No entanto, os painéis azulejares da parede sul tiveram, a partir de Maio de 2010, de ser sujeitos a protecção, porquanto caíram várias das peças decorativas, tendo sido aventada a hipótese de reconstituição num regime de parceria. Entretanto, as condições do Mercado tiveram de ser sujeitas a melhoramentos e, no início de Outubro de 2010, o edifício foi encerrado e submetido a obras de reconversão e reorganização de espaços, tendo os serviços de fornecimento e venda continuado a funcionar em terrenos adjacentes de uma antiga conserveira e em instalações improvisadas nas ruas Ocidental e Oriental do Mercado. As obras duraram cerca de um ano, acontecendo a reabertura em 11 de Outubro de 2011, com uma remodelação que, de uma forma geral, agradou, ainda que sem o funcionamento dos espaços comerciais da galeria do primeiro andar, cujas obras se mantiveram em curso.

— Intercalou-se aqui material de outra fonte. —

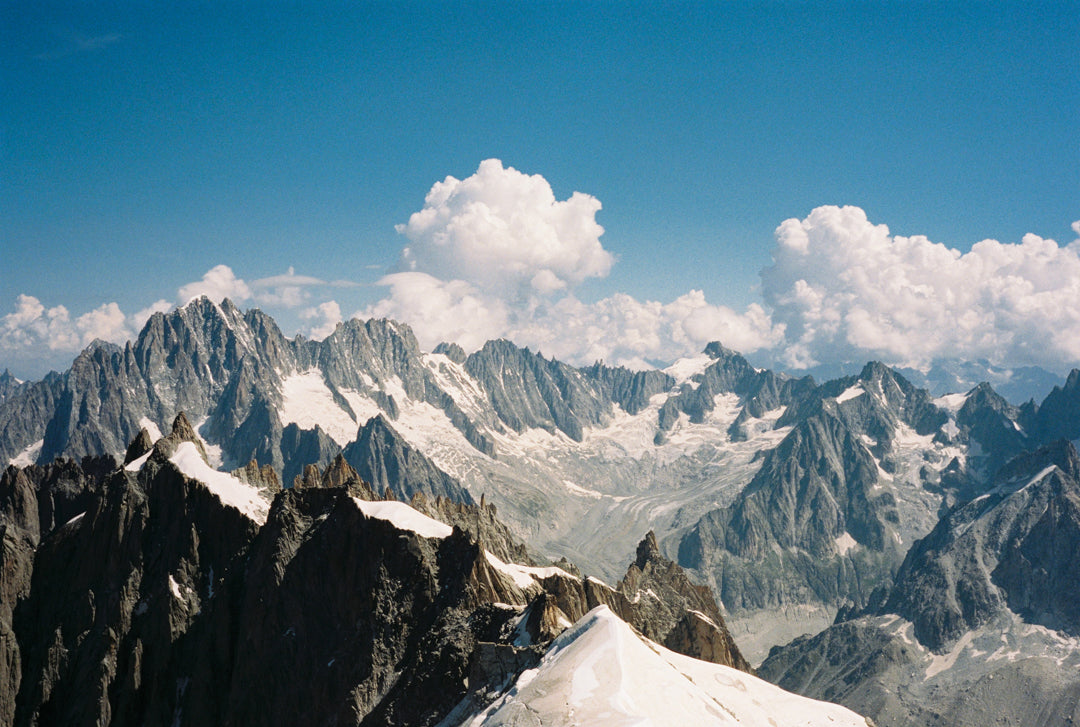 Analog photo print on Fujifilm paper featuring the Mont Blanc massif, captured from the Aiguille du Midi at 3842 meters. The steep peaks rise against a blue sky, with swirling clouds adding contrast to the rugged landscape. Captured in Chamonix.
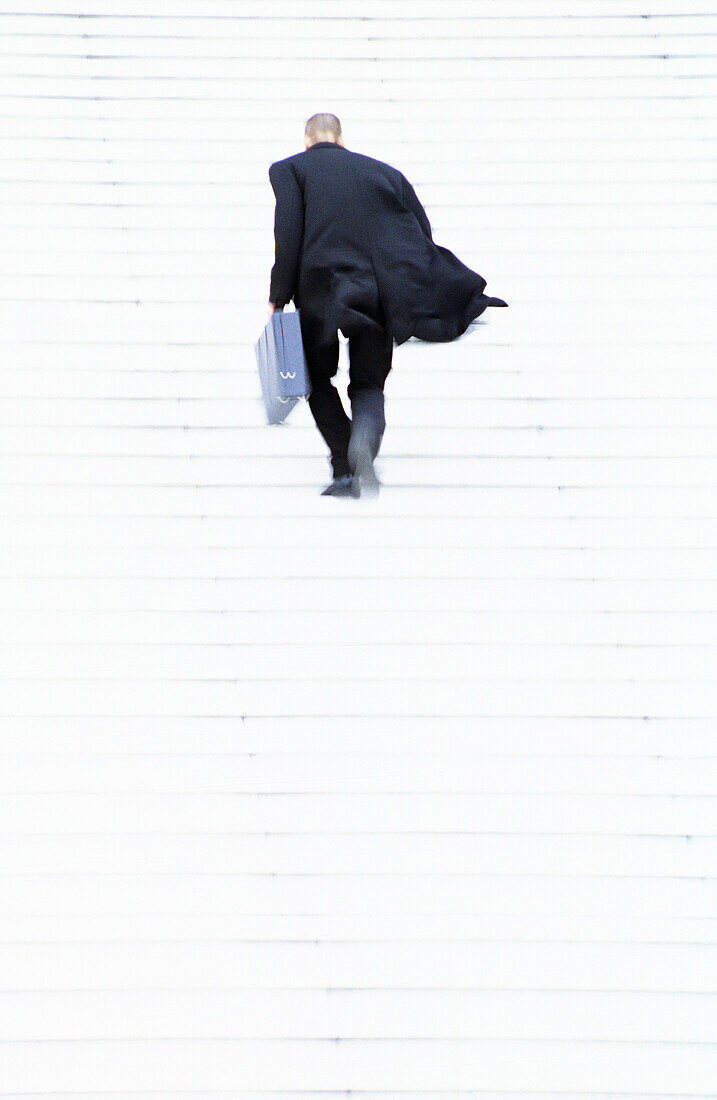 Businessman walking up steps, motion, full frame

Os painéis azulejares da parede sul permaneceram protegidos e foram introduzidas novas obras de arte da autoria de Augusto Cid – as esculturas de figuras típicas do Mercado, representado o descarregador de peixe, a vendedeira de galinhas e de ovos, o homem do talho e a vendedeira de flores, peças oferecidas pela Fundação Buehler-Brockhaus.
Na tarde de 7 de Fevereiro, o país foi surpreendido com a derrocada total da parede sul do Mercado do Livramento, que provocou cinco mortes a trabalhadores que executavam obras de ampliação do espaço destinado ao Mercado. O saldo foi trágico nesse acidente ocorrido pelas 17 horas ao não terem sido poupadas vidas humanas. Com o desabamento, desapareciam também os octogenários painéis de azulejos. O Mercado esteve encerrado até averiguação das condições de segurança e reabriu quatro dias depois, em 11 de Fevereiro. Entretanto, a Liga dos Amigos de Setúbal e Azeitão (LASA), ao mesmo tempo que tornou público o lamento pelas vidas perdidas, defendeu a reconstituição dos painéis de azulejo.